(México) Les forces armées mexicaines prennent le contrôle du principal aéroport de la capitale, et le gouvernement prévoit de donner aux militaires les commandes de près d’une dizaine d’autres à travers le pays, alors que le président s’attaque à la corruption et à la mauvaise gestion.

Depuis son élection en 2018, le président Andrés Manuel Lopez Obrador a confié aux forces armées un large éventail de tâches non traditionnelles, suscitant des inquiétudes quant à la séparation entre l’armée et la vie civile.

Un nouvel aéroport a été construit par l’armée à l’extérieur de Mexico il y a un an, pour un coût de 4,1 milliards. Il est géré par les militaires, mais peu utilisé.

M. López Obrador affirme que le vieil aéroport, le plus fréquenté du pays, sera géré par la marine.

Celle-ci avait pris en charge la sécurité de l’aéroport international de Mexico, ou Benito Juárez, il y a plus d’un an. Elle contrôlera bientôt tout le reste, des douanes à l’immigration en passant par la gestion des bagages et le nettoyage des salles de bain, grâce à la publication imminente d’un décret présidentiel officialisant cette décision.

La liste des problèmes de l’aéroport de Mexico comprend depuis longtemps d’importantes expéditions de drogue et l’immigration clandestine. Les infrastructures étaient délabrées et un certain nombre d’accidents évités de justesse ont été signalés sur les pistes ces dernières années, l’aéroport ayant de plus en plus de mal à gérer les vols.

L’aéroport était également réputé pour le vol de bagages, la mauvaise gestion des horaires des compagnies aériennes, l’absence de contrats et la corruption.

L’aéroport, qui est utilisé par quelque 4 millions de voyageurs chaque mois, sera « une entreprise au sein d’une entité militaire navale », a déclaré le contre-amiral Carlos Velázquez Tiscareño, directeur de l’aéroport âgé de 73 ans, lors d’une récente entrevue. Mais, a-t-il ajouté, « cela ne ressemblera pas à un département militaire ».

Contrairement à l’autre aéroport de la capitale, Felipe Angeles, où les troupes de la Garde nationale prennent les billets des passagers à la porte, à Benito Juarez, les seuls militaires en uniforme sont les 1500 marines déployés depuis février 2022 pour la sécurité.

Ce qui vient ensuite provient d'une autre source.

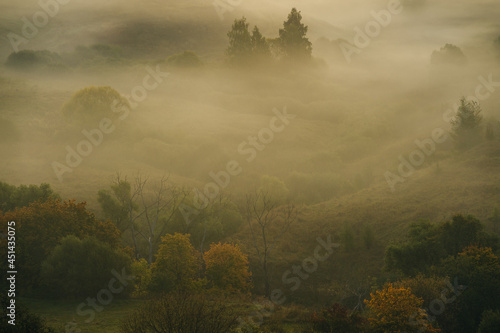 fog in the forest © Evgenii Ryzhenkov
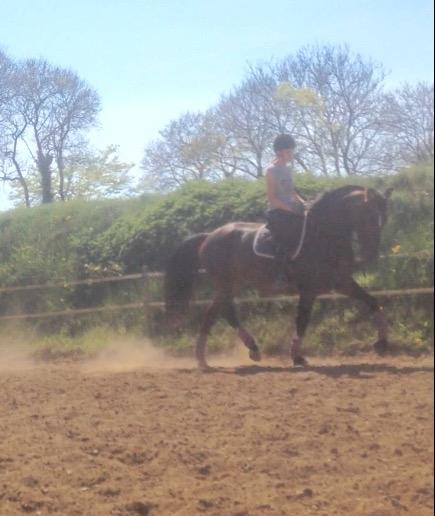 Oldenborg Lara billede 6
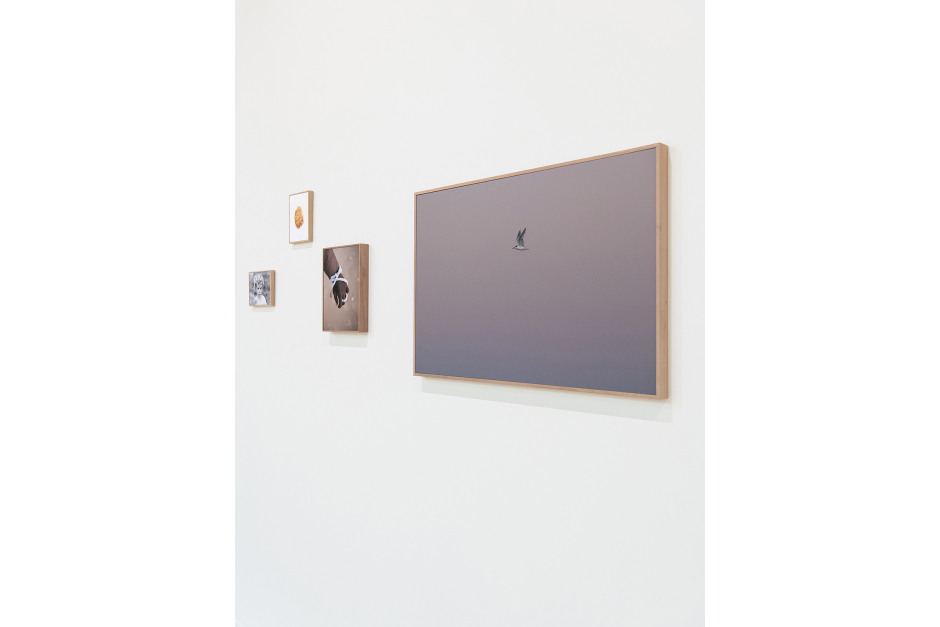 Chambre 207 024 Chambre 207 024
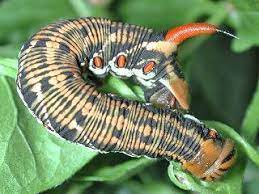 die schonsten schmetterlinge und raupen aus sudeuropa schmetterling raupe griechenland italien sudfrankreich spanien p schmetterlingsraupen raupe schmetterling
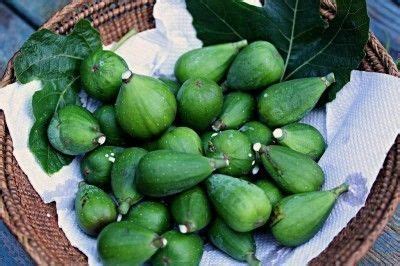 Harvesting And Storing Fresh Figs - When And How To Harvest Figs ...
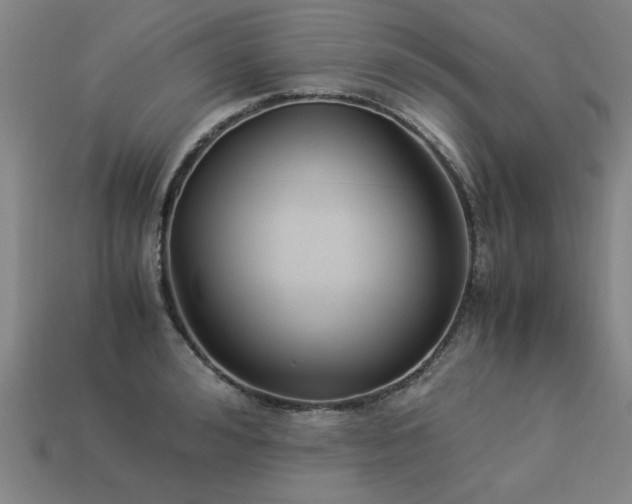 X0000113950992200909251335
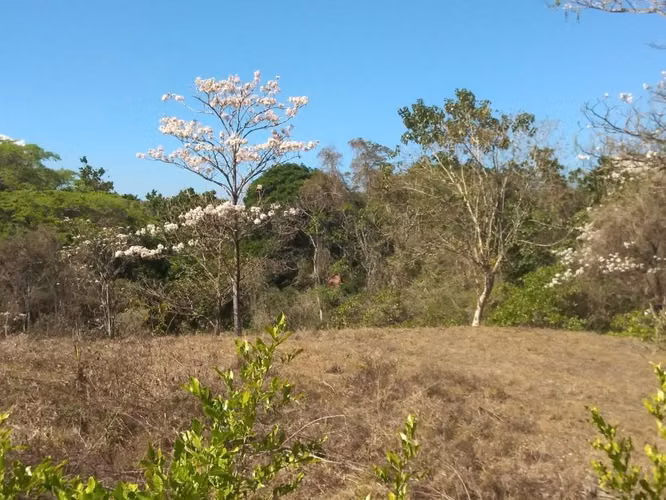Finca en venta Turrubares - Imagen 5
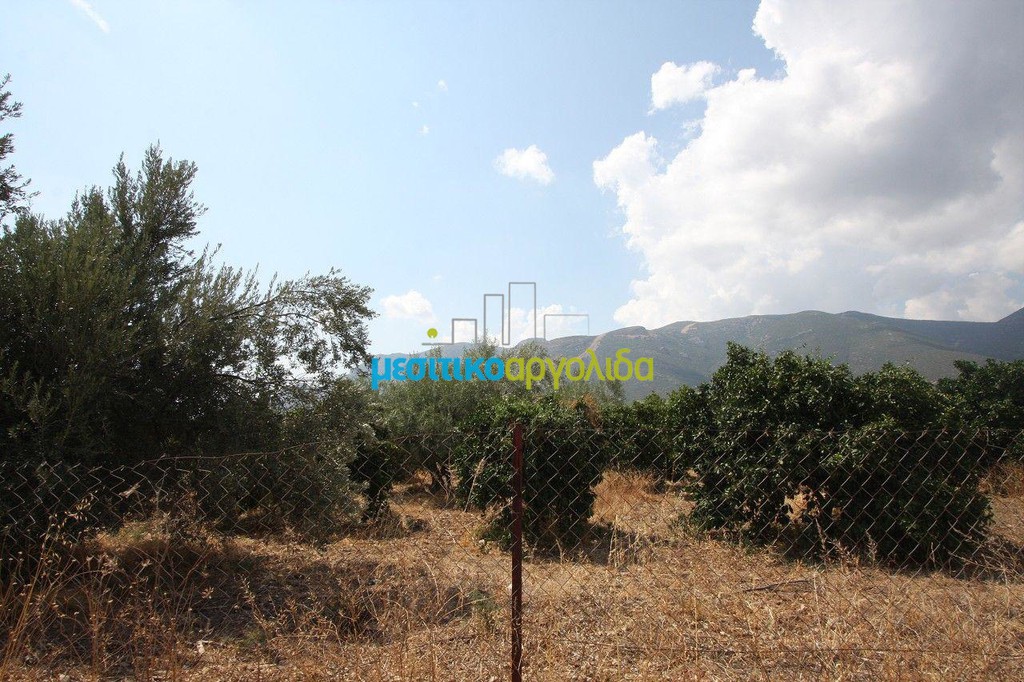 Αγροτεμάχια 9.200 τ.μ. προς πώληση, Πανόραμα Κουτσοποδίου
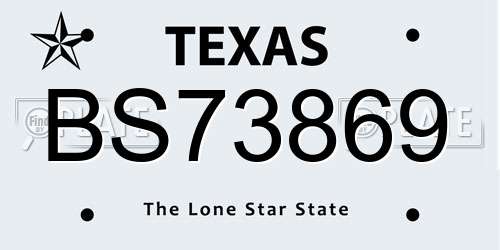 BS73869 Texas License Plate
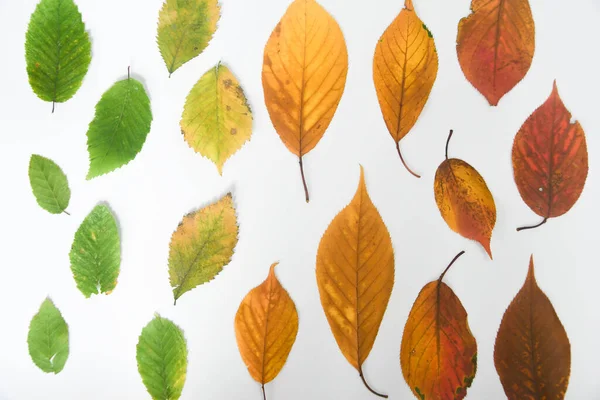 不同季节不同颜色叶子的顶盖 — 图库照片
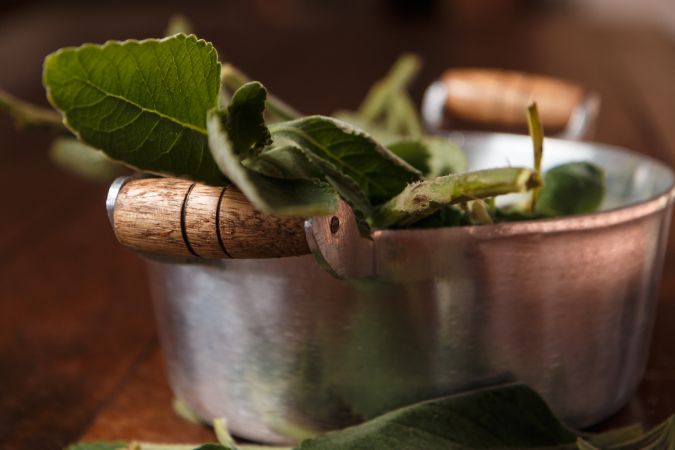 La infusión de boldo ayuda a depurar el hígado, pero no es recomendado para todos.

Le reste du personnel de l’aéroport sera composé de civils, mais « avec des règles plus claires qui régissent avec plus d’ordre et de discipline », a indiqué M. Velázquez Tiscareño.

Il mentionne que la marine va créer une société appelée Casiopea pour gérer l’aéroport et six autres qui présentent des « déficiences » et sont « aux mains du crime organisé ». Parmi ces aéroports figurent Matamoros, de l’autre côté de la frontière avec les États-Unis, et Playa del Carmen.

M. López Obrador a déjà déclaré qu’il prévoyait de confier une douzaine d’aéroports à l’armée ou à la marine d’ici à la fin de son mandat, en 2024. D’ici la fin de l’année, l’armée devrait commencer à exploiter sa propre compagnie aérienne commerciale.

Selon Rogelio Rodríguez Garduño, expert en droit de l’aviation à l’Université nationale autonome du Mexique, la prise de contrôle de l’aéroport va à l’encontre des recommandations internationales en matière d’aviation, qui établissent une distinction claire entre le militaire et le civil. Mais les conséquences juridiques de cette décision restent floues.

Au début de l’année, la Cour suprême du Mexique a statué que le transfert de la Garde nationale d’un contrôle civil à un contrôle militaire était inconstitutionnel. M. López Obrador a laissé la garde sous la responsabilité d’un département civil, mais avec un chef opérationnel militaire.

Selon M. Rodríguez Garduño, l’aviation mexicaine a besoin de plus d’argent, de plus de formation et de régimes d’inspection, entre autres mesures, pour améliorer sa compétitivité sur la scène mondiale.

Il a ajouté qu’il n’était pas certain que l’armée puisse contribuer à résoudre tous ces problèmes.

Pendant toute la durée de son mandat, le président López Obrador s’est tourné vers les forces armées pour leur demander de l’aide, en leur confiant certaines tâches liées à l’immigration et le contrôle des ports et des douanes.

Elles construisent également de grands projets d’infrastructure tels qu’un train touristique traversant la péninsule du Yucatan et un nouvel aéroport dans la même région. Elles gèrent même des pépinières et des voyages touristiques dans une ancienne colonie pénitentiaire.